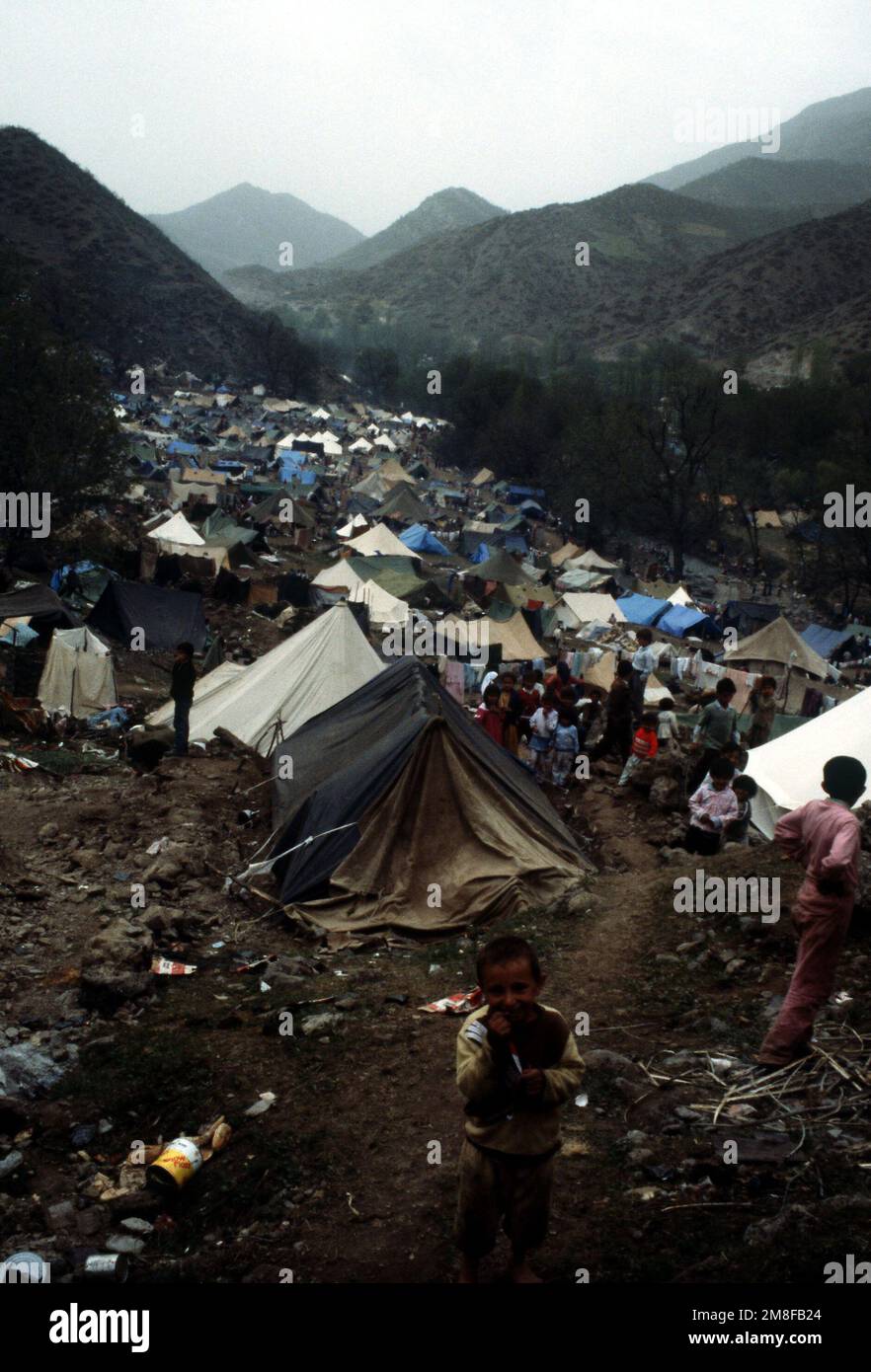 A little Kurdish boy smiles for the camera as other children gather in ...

==

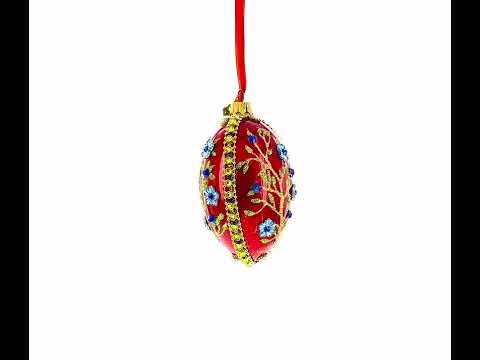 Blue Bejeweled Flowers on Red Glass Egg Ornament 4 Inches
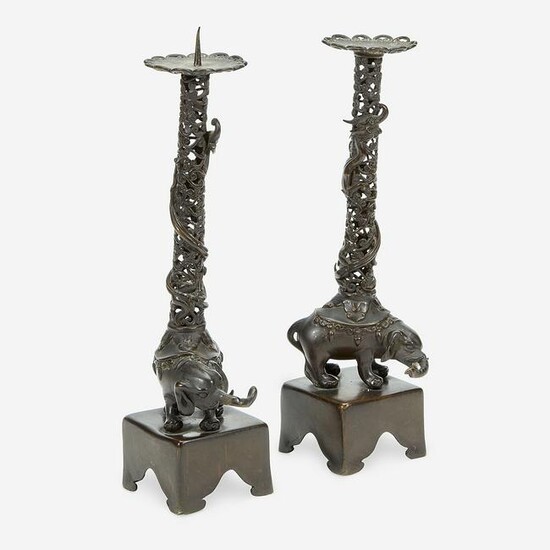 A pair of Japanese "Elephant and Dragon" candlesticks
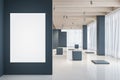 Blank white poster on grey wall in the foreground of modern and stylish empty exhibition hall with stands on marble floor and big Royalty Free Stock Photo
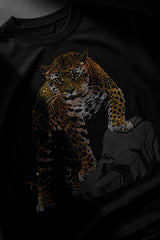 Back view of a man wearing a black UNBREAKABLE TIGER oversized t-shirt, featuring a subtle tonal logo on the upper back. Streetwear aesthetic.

The task:
Set the pictures aside and reproduce exactly the lines above, from the line holding "Blue Bejeweled Flowers" through the line holding "Back view of", both included, with nothing else.

Written answer:
 Blue Bejeweled Flowers on Red Glass Egg Ornament 4 Inches
 A pair of Japanese "Elephant and Dragon" candlesticks
 Blank white poster on grey wall in the foreground of modern and stylish empty exhibition hall with stands on marble floor and big Royalty Free Stock Photo
 Back view of a man wearing a black UNBREAKABLE TIGER oversized t-shirt, featuring a subtle tonal logo on the upper back. Streetwear aesthetic.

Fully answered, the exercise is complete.